Recorded data
------

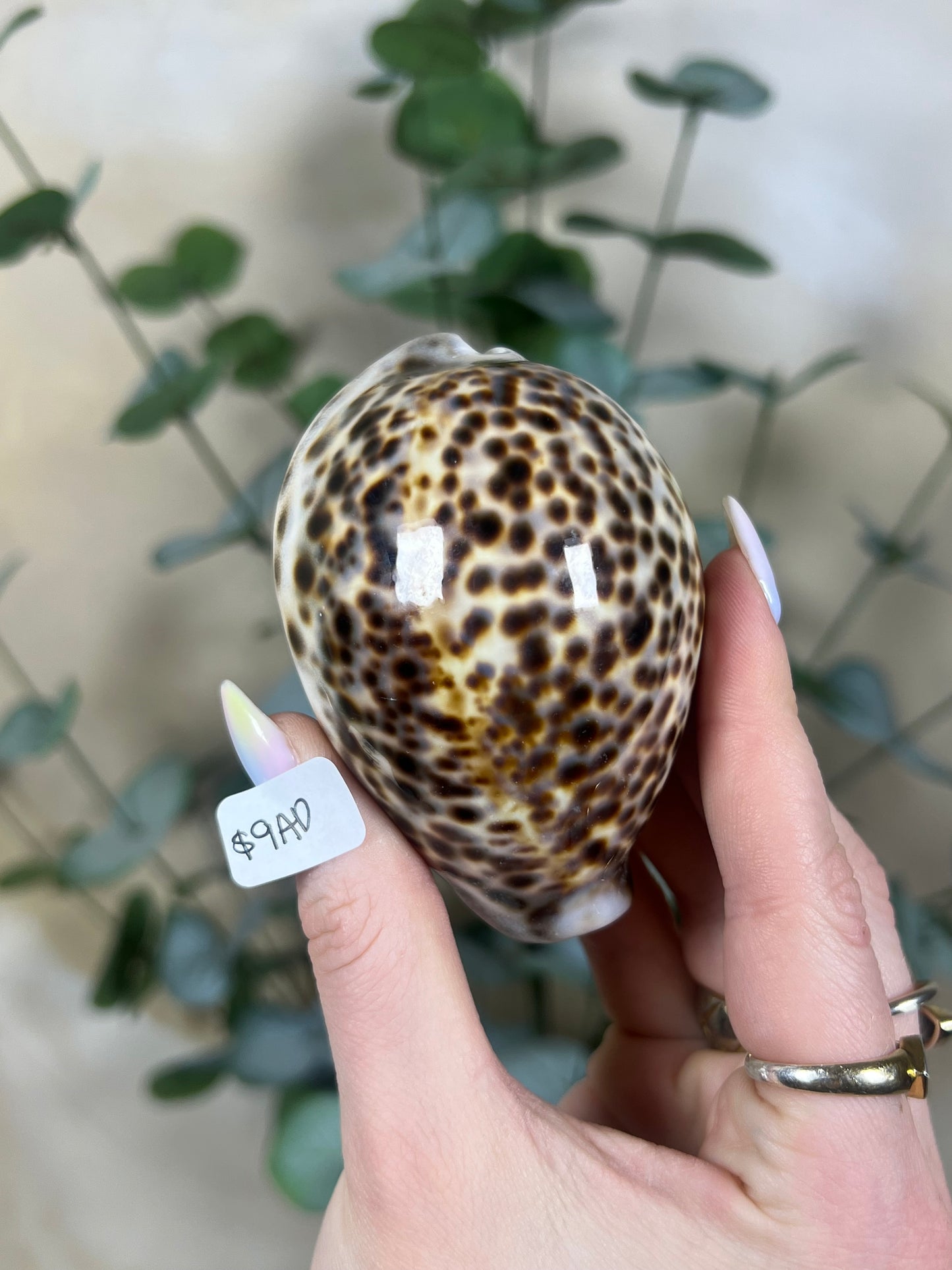 Shell - Tiger Cowries (5 options)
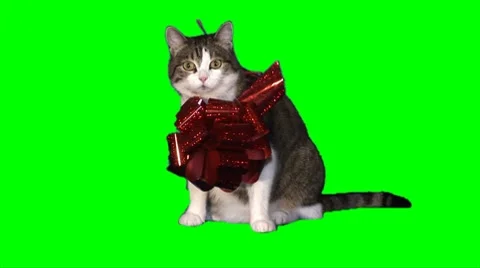 Cat-present 01 Stock Footage 8766366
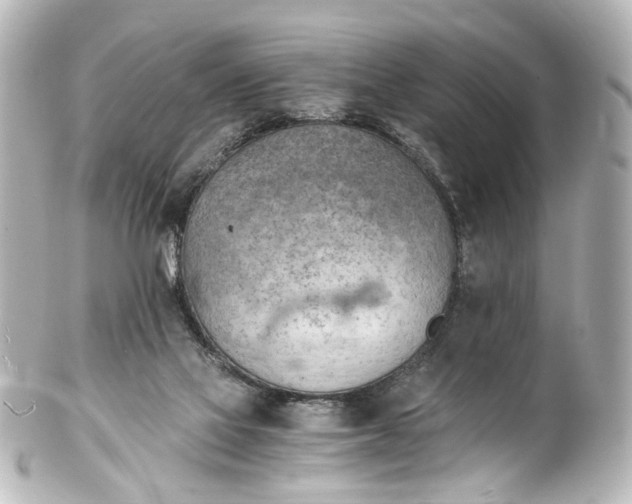 X0000101440069200807281032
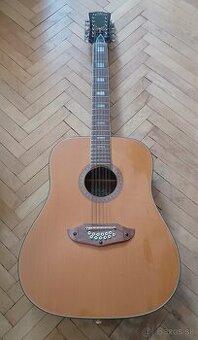 12 strunova akusticka gitara EKO Rio Bravo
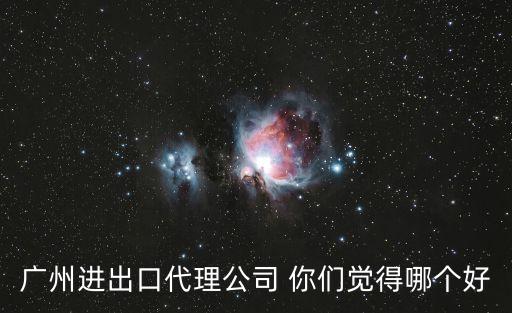 廣州鴻中鴻進出口，廣州進出口代理公司 你們覺得哪個好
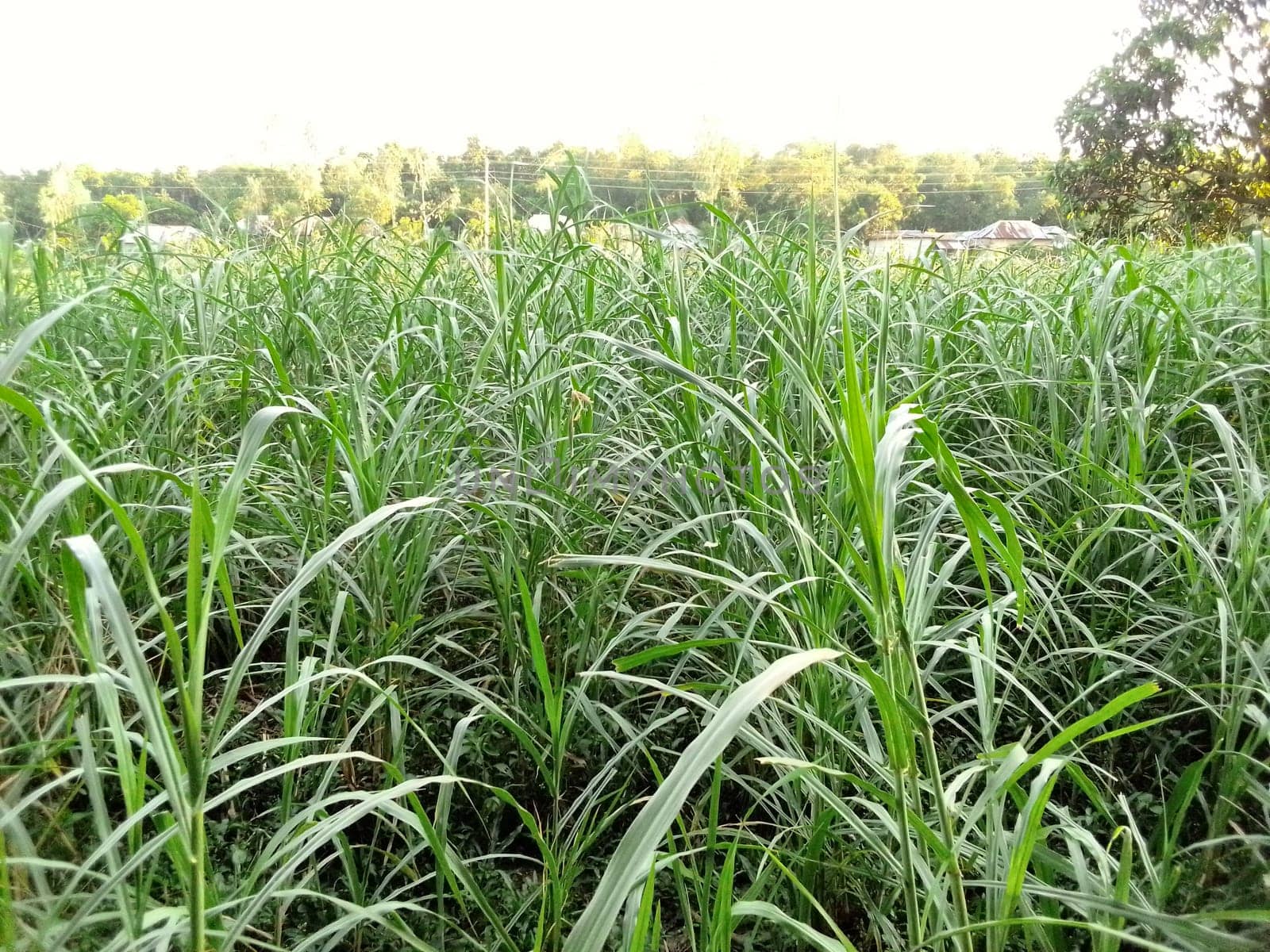 Village Beautiful Scenery - Paddy Field, Village Jungle Flowers, Village Evening, Fruit Tree Garden, Village Sunset, Village River
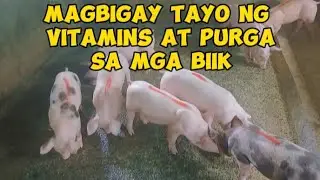 MAGBIGAY NG VITAMINS AT PAMURGA SA BAGONG WALAY NA BIIK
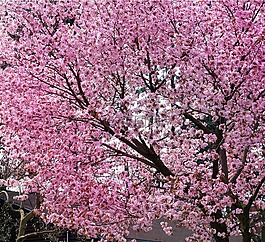 櫻花,櫻花樹,春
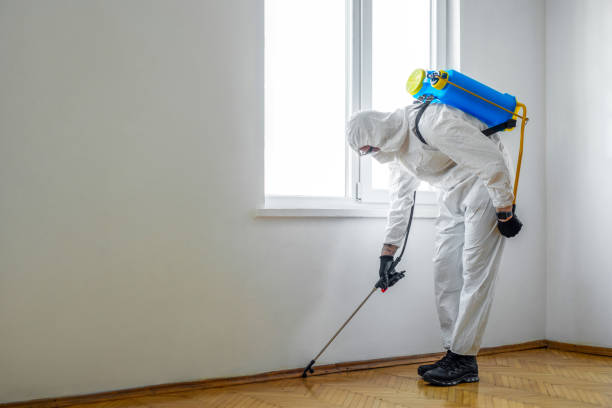 Professional Pest Control in Charlotte, TX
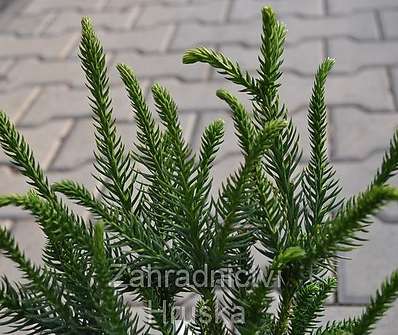 Cryptomeria japonica 'Dinger'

------

The records above must be copied exactly, with no pictures carried over.

 Shell - Tiger Cowries (5 options)
 Cat-present 01 Stock Footage 8766366
 X0000101440069200807281032
 12 strunova akusticka gitara EKO Rio Bravo
 廣州鴻中鴻進出口，廣州進出口代理公司 你們覺得哪個好
 Village Beautiful Scenery - Paddy Field, Village Jungle Flowers, Village Evening, Fruit Tree Garden, Village Sunset, Village River
 MAGBIGAY NG VITAMINS AT PAMURGA SA BAGONG WALAY NA BIIK
 櫻花,櫻花樹,春
 Professional Pest Control in Charlotte, TX
 Cryptomeria japonica 'Dinger'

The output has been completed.